As you study up on all the participants’ famewhore histories to prepare for this seminal television event, you’ll notice that there are eight women, but only six men. Maybe the producers think they can fit more of those undernourished waifs per hot tub. Or maybe this really is a bachelors’ paradise. I am too intellectually numbed to understand the rules of the show, but I do know that there are Rose Ceremonies, people being sent home every week, and enough product placement to stock a suburban Wal-Mart.

Chris welcomes us to “an exciting new show” that gives former franchise cast-members a second chance to find love. Well, for Marcus, something around a 37th chance. But if they fail, Chris warns, they must leave Paradise forever!  Really? Does ABC have the power to revoke their passports now?

First to arrive among the tiki huts is Clare, who told off Juan Pablo. She’s been spending time “getting back to Clare,” but now she has a chance at a new start. Maybe getting away from Clare was a better way to go. Here comes Marcus, wearing flip-flops and his usual gloomy expression.  He has apparently sufficiently recovered from the heartbreak of Andi’s rejection. Maybe he formed a support group with Nick.

Sarah is principally known for having only one arm, or actually three-quarters of a second one, which she feels creates issues in meeting men. I’m more curious about how she buckled her sandals. She finds Marcus attractive and well-dressed, despite the flip-flops. Next is Marquel, who distinguished himself for not trying to kiss Andi and resenting alleged racism. Clare thinks he has a beautiful smile. Season 17’s Daniella babbles. Graham comes across as mature, which Clare likes. It’s certainly a rarity int hee parts. Lacy catches all the guys’ attention because she is so beautiful, mostly in the chest area.

The group drinks, and already the sniping has started. Ben had a bad reputation on his season of  Bachelorette. This observation offers someone the opportunity to debut the first “here for the right reasons” citation. Michelle arrives–she had a bad rep, too. Was this possibly deliberately arranged? Robert turns up next, and is gratefully declared attractive, as if there were a possibility of Quasimodo appearing on the deck with a mojito and cargo shorts.

Elise has a hard time getting down the stone steps in her four-inch wedges. She is blessed to be there. I would feel the same way with an open bar. AshLee turns up next. She likes Graham. If they hook up, he’ll have to start spelling his name GraHam.

Chris addresses the group, and first confirms that everybody is single. They’re certainly single-minded. He explains that each week, selected people will go on dates offered by cards. Those people can choose who their dates are. At the end of each week, whoever is not part of “a couple,” which I presume means “inquired about each other’s STD status,” they get the kibosh. Oh, wait, it’s seven ladies, and six guys–thanks a lot, Time magazine, for the accurate reporting. One lonely, publicly humiliated lady goes home this week, only to be replaced by another Star Trek alien with freshly done roots. Next week, the guys undergo the same process. It’s like musical chairs, only with sluts and manwhores.
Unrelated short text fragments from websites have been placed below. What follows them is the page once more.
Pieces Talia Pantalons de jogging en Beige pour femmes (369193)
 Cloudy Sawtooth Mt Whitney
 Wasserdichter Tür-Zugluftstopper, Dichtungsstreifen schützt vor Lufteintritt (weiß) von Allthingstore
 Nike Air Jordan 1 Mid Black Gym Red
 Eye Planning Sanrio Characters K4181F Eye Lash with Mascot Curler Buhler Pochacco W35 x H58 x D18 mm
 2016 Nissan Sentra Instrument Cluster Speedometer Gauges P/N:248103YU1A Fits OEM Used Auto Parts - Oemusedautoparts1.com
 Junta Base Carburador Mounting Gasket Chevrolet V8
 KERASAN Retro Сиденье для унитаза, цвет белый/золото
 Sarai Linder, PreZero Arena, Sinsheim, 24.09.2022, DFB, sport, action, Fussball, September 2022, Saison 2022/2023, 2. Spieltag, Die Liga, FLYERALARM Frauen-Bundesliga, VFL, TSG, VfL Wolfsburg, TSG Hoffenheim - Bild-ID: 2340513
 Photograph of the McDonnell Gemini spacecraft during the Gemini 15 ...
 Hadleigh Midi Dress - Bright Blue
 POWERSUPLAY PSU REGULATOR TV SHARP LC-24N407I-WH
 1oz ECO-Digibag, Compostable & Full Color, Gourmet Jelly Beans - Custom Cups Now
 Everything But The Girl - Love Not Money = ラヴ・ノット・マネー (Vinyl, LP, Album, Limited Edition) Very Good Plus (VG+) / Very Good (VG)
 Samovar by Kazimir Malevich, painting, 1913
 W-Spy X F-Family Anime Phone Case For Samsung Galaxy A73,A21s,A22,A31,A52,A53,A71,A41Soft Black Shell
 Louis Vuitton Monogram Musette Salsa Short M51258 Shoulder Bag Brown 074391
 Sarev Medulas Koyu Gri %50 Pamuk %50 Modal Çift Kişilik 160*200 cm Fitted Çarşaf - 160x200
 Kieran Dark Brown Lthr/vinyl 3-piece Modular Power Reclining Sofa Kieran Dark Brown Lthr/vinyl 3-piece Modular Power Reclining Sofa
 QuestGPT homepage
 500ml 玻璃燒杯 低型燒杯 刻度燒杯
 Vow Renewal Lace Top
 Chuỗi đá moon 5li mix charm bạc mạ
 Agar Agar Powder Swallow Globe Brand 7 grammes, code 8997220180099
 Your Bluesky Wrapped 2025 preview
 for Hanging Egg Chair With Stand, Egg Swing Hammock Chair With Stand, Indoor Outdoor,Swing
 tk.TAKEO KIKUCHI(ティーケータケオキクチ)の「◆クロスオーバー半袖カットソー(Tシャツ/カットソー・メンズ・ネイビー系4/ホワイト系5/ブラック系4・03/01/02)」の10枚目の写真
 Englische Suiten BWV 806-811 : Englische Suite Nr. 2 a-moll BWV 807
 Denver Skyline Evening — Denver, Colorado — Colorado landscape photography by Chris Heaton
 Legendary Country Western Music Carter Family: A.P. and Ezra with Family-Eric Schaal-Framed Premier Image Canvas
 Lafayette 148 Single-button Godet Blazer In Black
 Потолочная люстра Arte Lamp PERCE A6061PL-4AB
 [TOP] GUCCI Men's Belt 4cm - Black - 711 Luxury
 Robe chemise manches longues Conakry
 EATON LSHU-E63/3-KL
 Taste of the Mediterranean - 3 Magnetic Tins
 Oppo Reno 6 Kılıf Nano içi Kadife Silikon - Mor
The house is very nice, right on the beach with a pool and lots of colorful throw pillows to fling your sobbing self upon. Robert is concerned about the guys fighting over the women, not unlike moose in heat, only with better haircuts. To launch the festivities, he and Lacy, whose bosom resembles a locker shelf in a high school coach’s office, wade into the ocean and start climbing all over each other like a pair of koalas scaling a eucalyptus tree.

Night falls, and we learn that the producers did not spring for outdoor lighting. Marcus dons a Speedo and wanders alone into the water, where his crotch displaces a number of sea creatures from their habitats. Lacy follows him out there. She’s making all those myths about busty women look true. Or maybe just those myths about people who appear on reality shows. But Robert thinks Lacy is “good and kind,” and he believes he  could fall in love with other parts of her.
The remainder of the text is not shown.